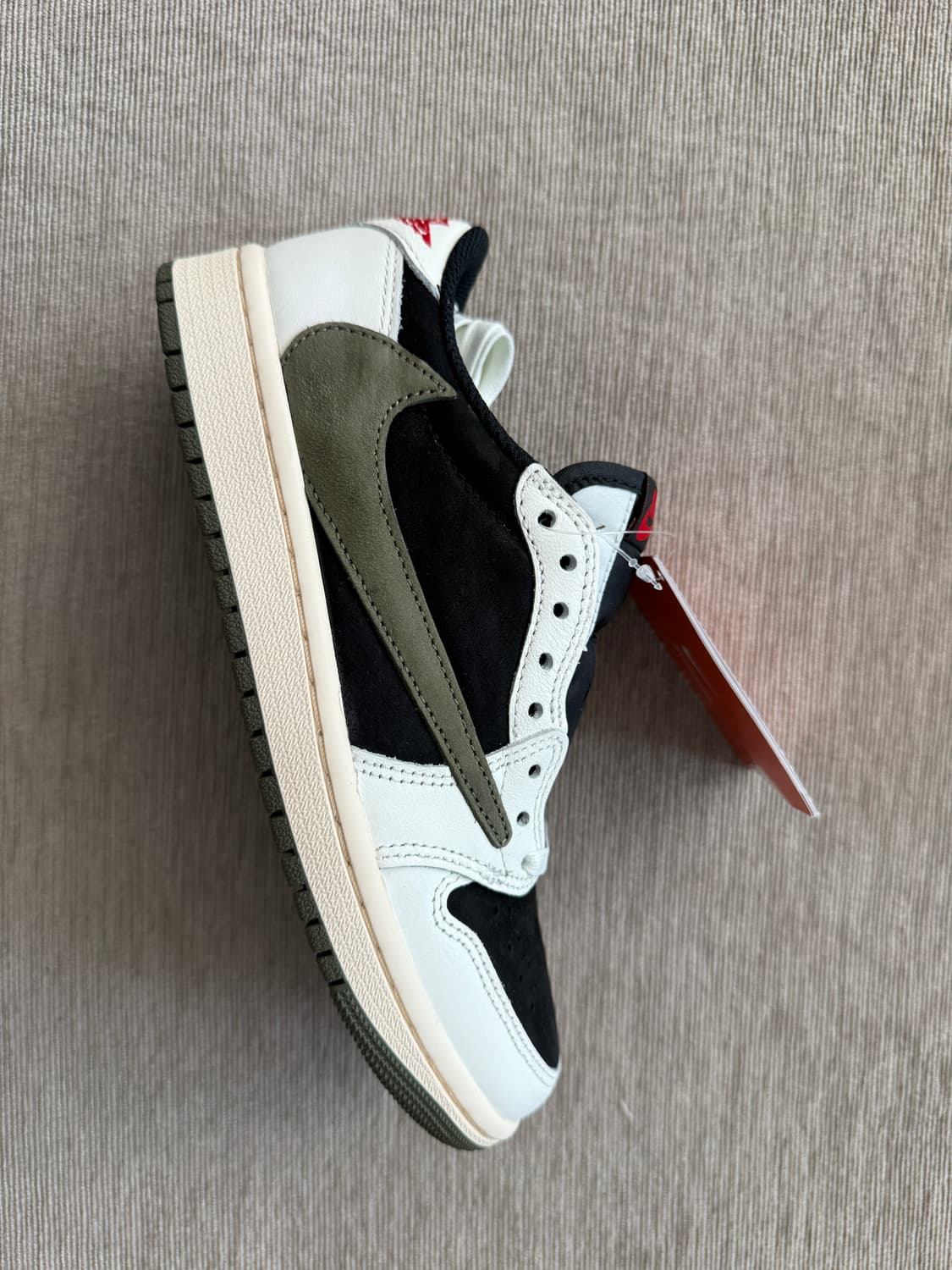 W230 조던 1 x 트래비스 스캇 레트로 로우 OG SP 미디움 올리브 상품이미지8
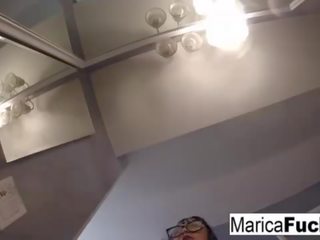 Marica hase trong khiêu dâm đồ lót thủ dâm trong các gương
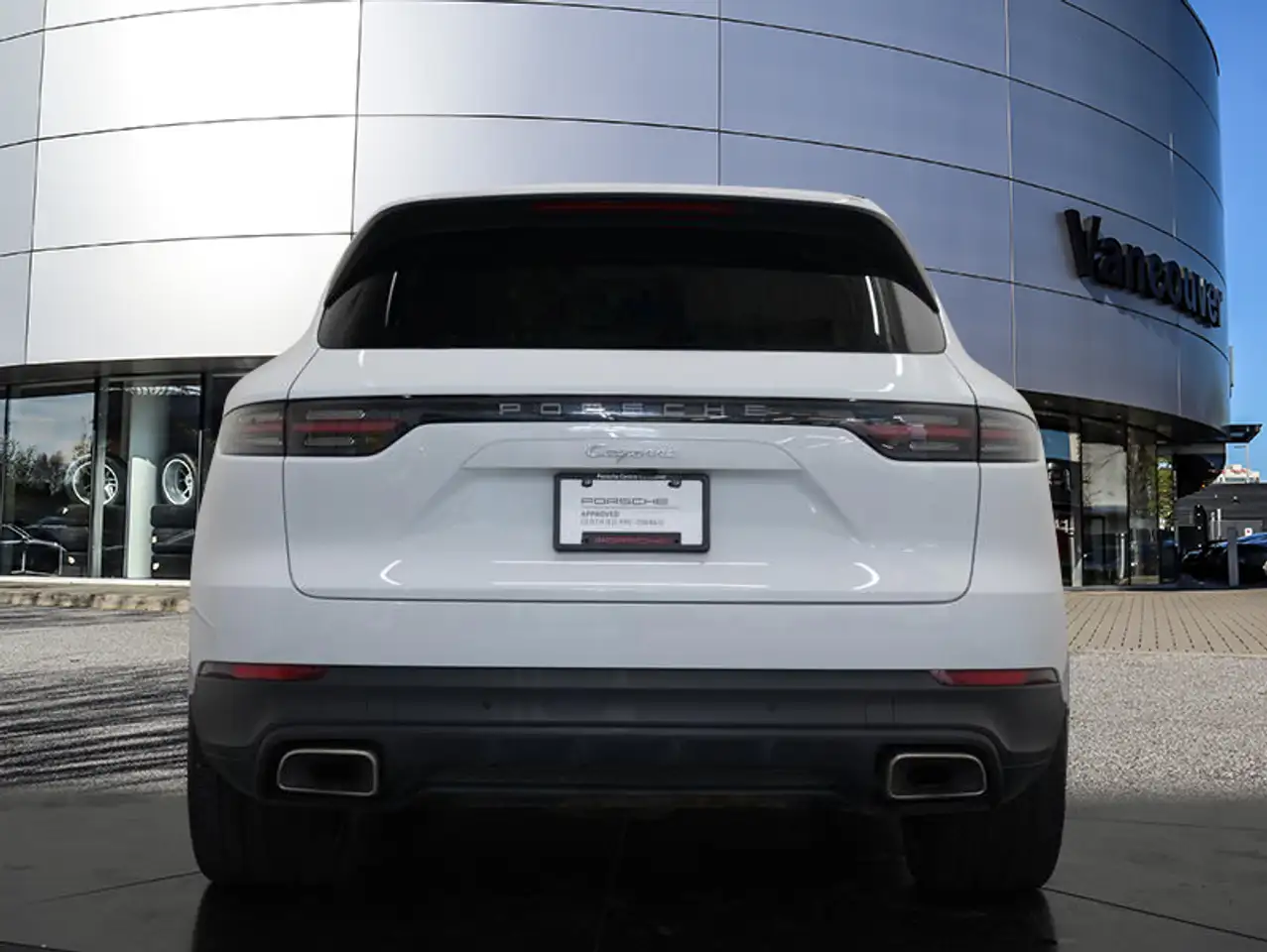 Porsche Cayenne - Image 4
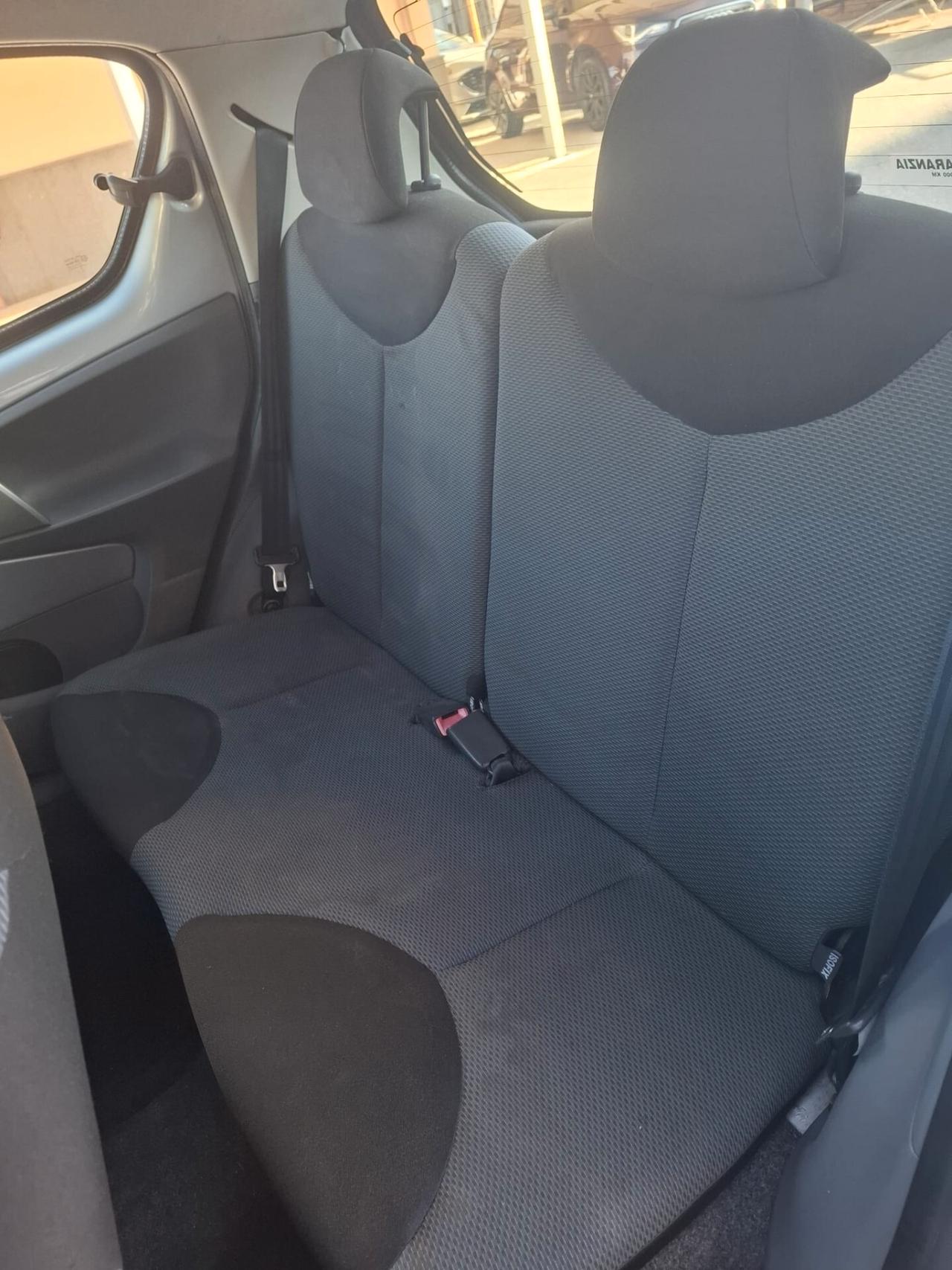 Toyota Aygo 1.0 12V VVT-i 5 porte Sol - 2006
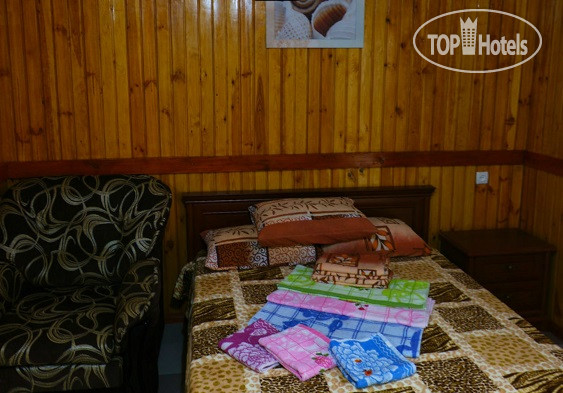 New photos from tourists Тира
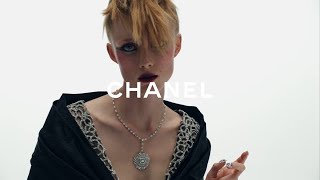 Sophisticated Details - Fall-Winter 2020\/21 Haute Couture Collection — CHANEL Haute Couture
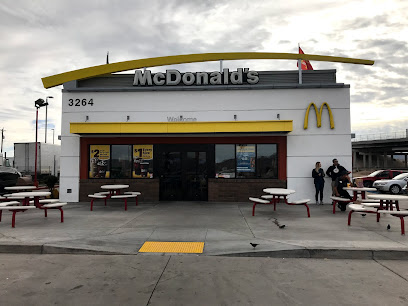 McDonald,s - 3264 E Andy Devine Ave, Kingman, AZ 86401
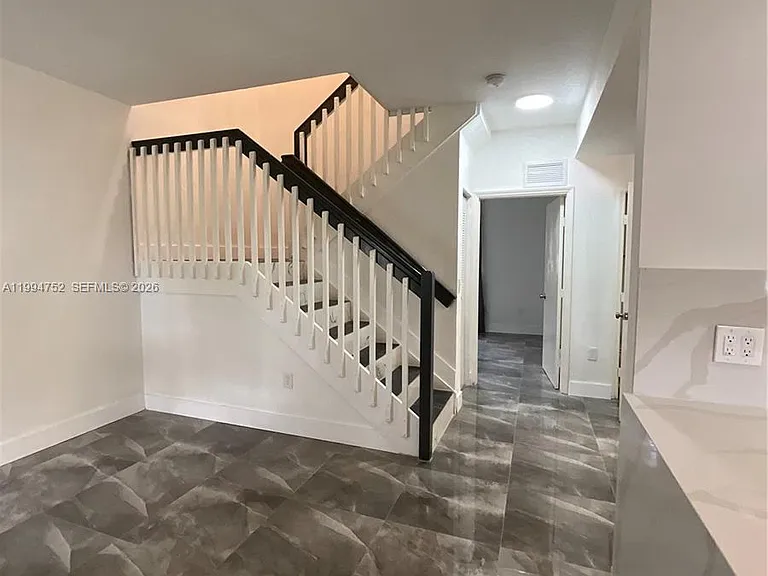 435 NW 19th Ln — Photo 10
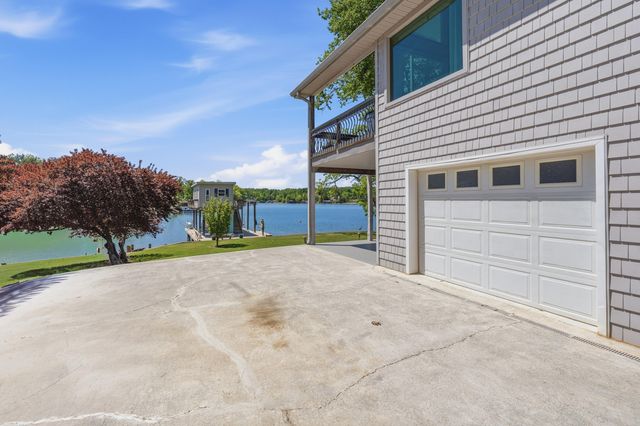 337 Emerald Pointe, Penhook, VA 24137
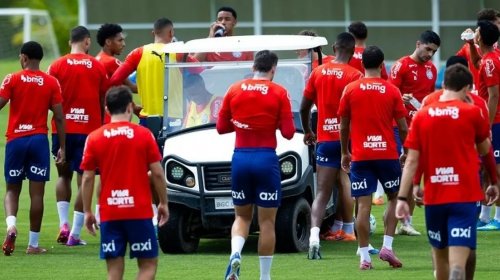 [Bahia inicia preparação para enfrentar a Chapecoense e pode ter reforços importantes]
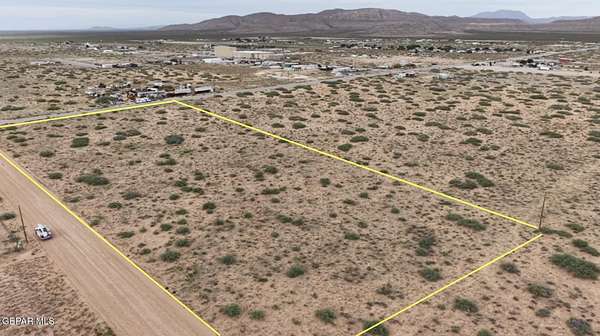 5 Acres of Residential Land for Sale in El Paso, Texas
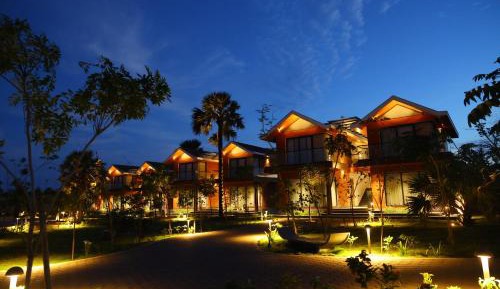Villa with Garden View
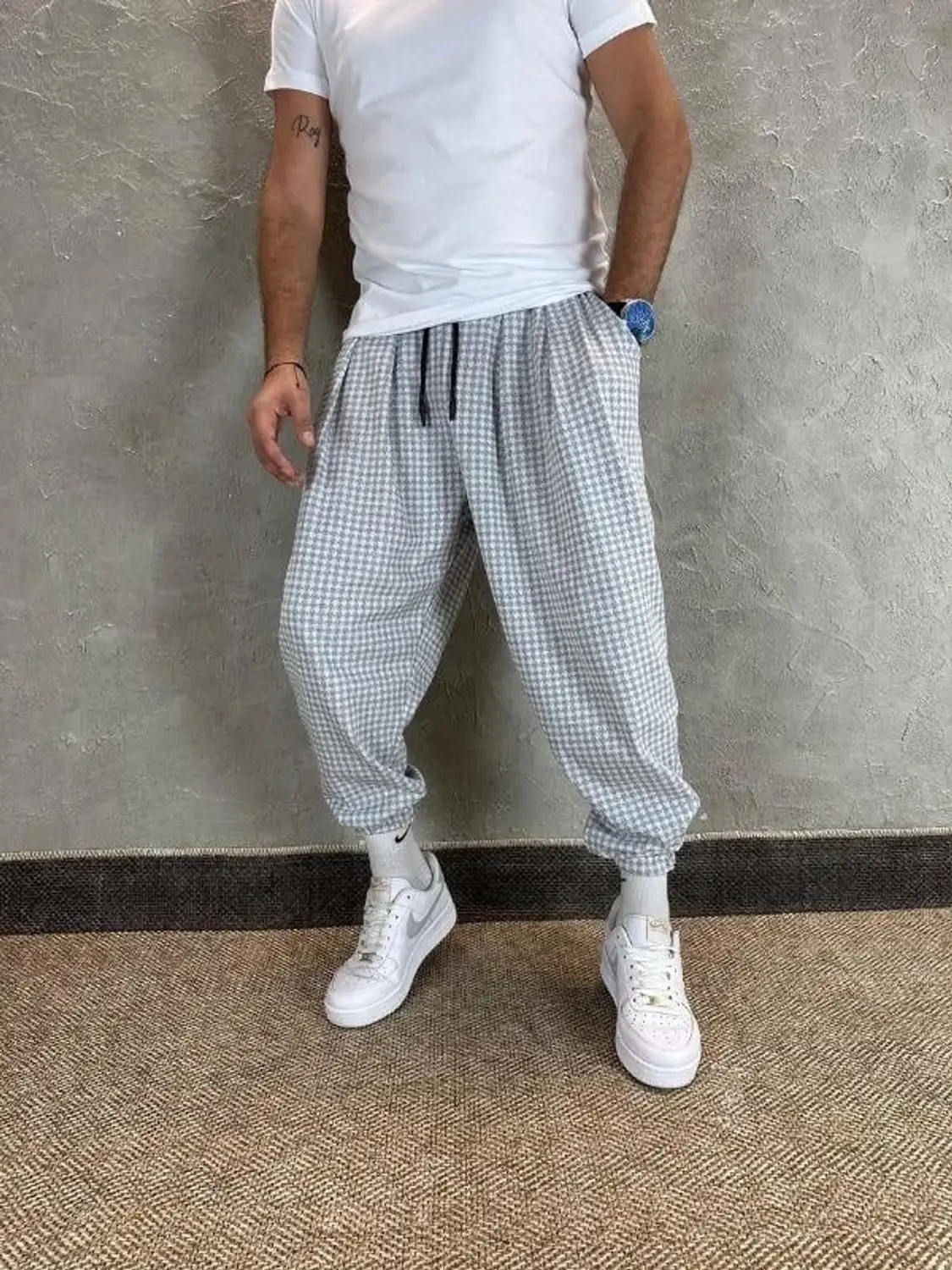 Erkek Ekru Gri etnik desenli Beli ve Paçası Lastikli Bol Kesim Jogger Eşofman Altı HZL24S-MXC8989-160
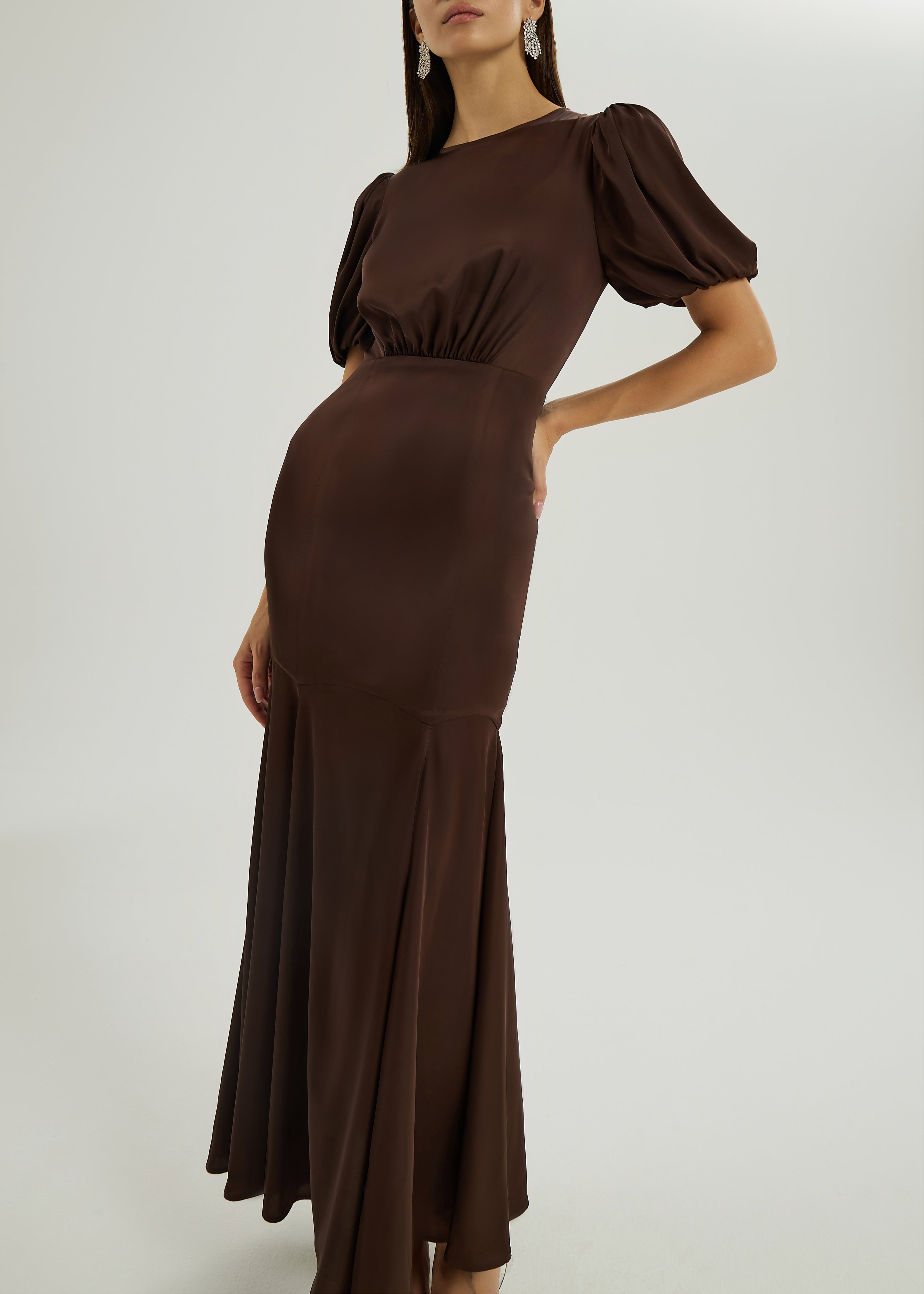 Sidney Sateng Maxikjole med Peplum | Kakao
----
* EXERCISE OBJECTIVE *
Give back exactly the lines above from the one with "McDonald,s - 3264" through the one with "Villa with Garden View", both included. Pictures don't belong in the copy.

* TASK OUTPUT *
 McDonald,s - 3264 E Andy Devine Ave, Kingman, AZ 86401
 435 NW 19th Ln — Photo 10
 337 Emerald Pointe, Penhook, VA 24137
 [Bahia inicia preparação para enfrentar a Chapecoense e pode ter reforços importantes]
 5 Acres of Residential Land for Sale in El Paso, Texas
Villa with Garden View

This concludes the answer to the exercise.